Pensou um pouco, não tinha mais nada a acrescentar, então perguntou: “Tem algo mais?”
“Eu... não.”
“Então está bem, preciso ir. Coma devagar.”
Yao Yuan levantou-se, pagou a conta e saiu pela porta.
...
Segundo o plano original, queria encontrar pelo menos três pessoas: uma com seios grandes, uma com pernas compridas, uma do tipo inocente.
Mas a qualidade não era das melhores.
Depois de dois dias, conseguiu marcar com uma, esta era a de seios grandes.
Agora estavam num quarto de hotel, as cortinas bem fechadas, iluminação suave e insinuante. A cama, branca e macia, destacava o corpo curvilíneo da mulher. Usava jeans justos e estava sem camisa, exibindo apenas o sutiã.
Era uma mulher madura, sem dúvida, já passava dos trinta, obedecendo às instruções de Yao Yuan, posando de formas provocantes sobre a cama.
O rosto era comum, mas a maquiagem lhe dava um ar atrevido; era alta, de corpo exuberante, quase três quartos do porte de Utsunomiya Shion.
Enquanto fotografava, conversavam:
“Professor Chen, por que não tira tudo?”
“O quê?”
“Digo, por que está de calças? Sutiã não deveria combinar com calcinha?”
“Quando quiser que um corpo nu revele ainda mais, o melhor é colocar um par de meias.”
“Não entendi.”
“Se não entende, fique quieta e pose direito.”
Foi bem mais simples que com Rong Rong, alguns cliques e tudo pronto.
A mulher, experiente, não teve dificuldade. Levantou-se com certa nostalgia: “Só isso? Poxa, pegar duzentos de você me deixa constrangida, quer que eu te faça um serviço extra?”
“Somos só conhecidos, não precisa ser vulgar, vista-se.”
“Bah! Então me paga mais, quem sabe para que você quer essas fotos!”
...
Yao Yuan não gostava de lidar com esse tipo de pessoa. Endureceu o rosto:
“Vamos lá, vamos conversar! Eu não expliquei antes o tipo de foto, as condições, o preço? Você não concordou? Só depois de concordar comecei o trabalho, certo? Os duzentos já foram pagos adiantados, abrir este quarto me custou cem, comprei lingerie nova por sessenta, e agora você quer cobrar mais?!”
Algumas pessoas parecem ser muito amigáveis, fáceis de lidar, mas têm intenções ocultas e se aproveitam de quem é mais fraco.
A mulher sorriu, sem graça: “Só estava brincando, não precisa se irritar.”
Yao Yuan ignorou, se tivesse mais dinheiro, buscaria modelos profissionais, não precisaria usar o nome do professor Chen para enganar.

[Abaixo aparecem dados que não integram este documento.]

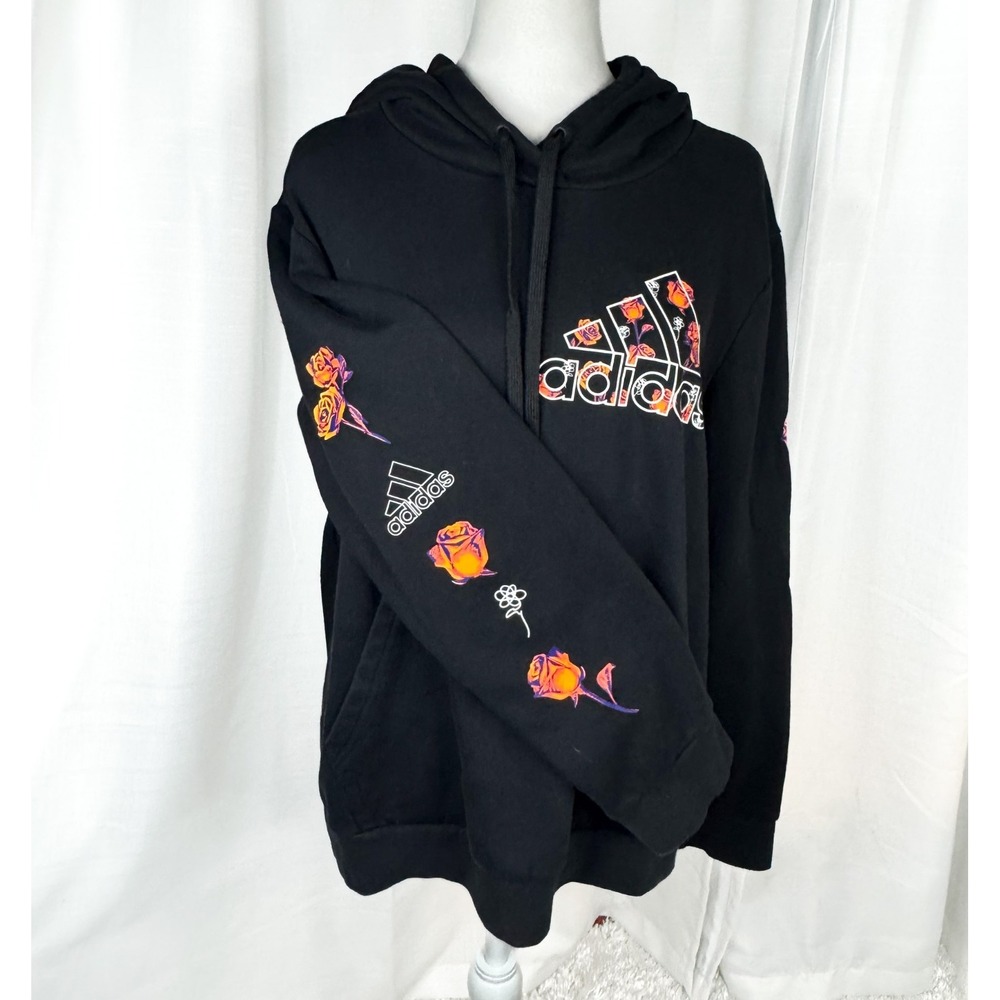 Adidas Women's L Black Rose Floral Graphic Hoodie Pullover Sweatshirt 2020 EUC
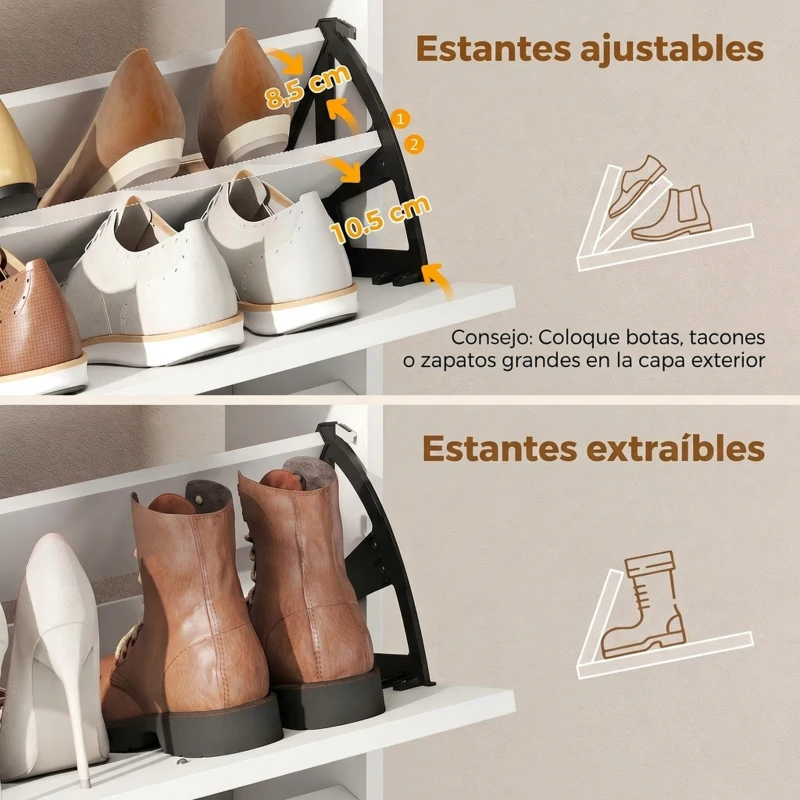 HOMCOM Zapatero Recibidor Entrada con 4 Cajones Abatibles y Estante Abierto Estantes Ajustables Encimera hasta 16 Pares Blanco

Ao sair do hotel, foi a um cybercafé para passar a noite trabalhando.
Ele e Yao Xiaobo não tinham computador, só podiam trabalhar em cybercafés ou no laboratório da escola. Yao Xiaobo já havia montado a estrutura do site, só faltava preencher o conteúdo.
A câmera era digital.
Não pense que câmeras digitais são coisa recente; já existiam há muito tempo, só que agora os pixels eram de dois, três, quatro milhões, cinco milhões já era motivo de orgulho.

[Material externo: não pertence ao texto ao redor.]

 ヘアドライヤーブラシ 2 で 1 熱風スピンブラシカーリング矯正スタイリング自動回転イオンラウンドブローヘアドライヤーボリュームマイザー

Este ano, todos os eletrônicos, incluindo celulares e câmeras digitais, estavam ficando mais baratos, a tecnologia avançava rápido, dezenas ou centenas de modelos novos por ano, e as mais baratas custavam pouco mais de trezentos.
Mas aí surgia um problema: câmeras digitais usavam porta USB, mas muitos mouses, teclados e computadores ainda tinham conexões redondas, era preciso procurar um computador com USB.
Yao Yuan abriu um computador; Yao Xiaobo já o aguardava no QQ.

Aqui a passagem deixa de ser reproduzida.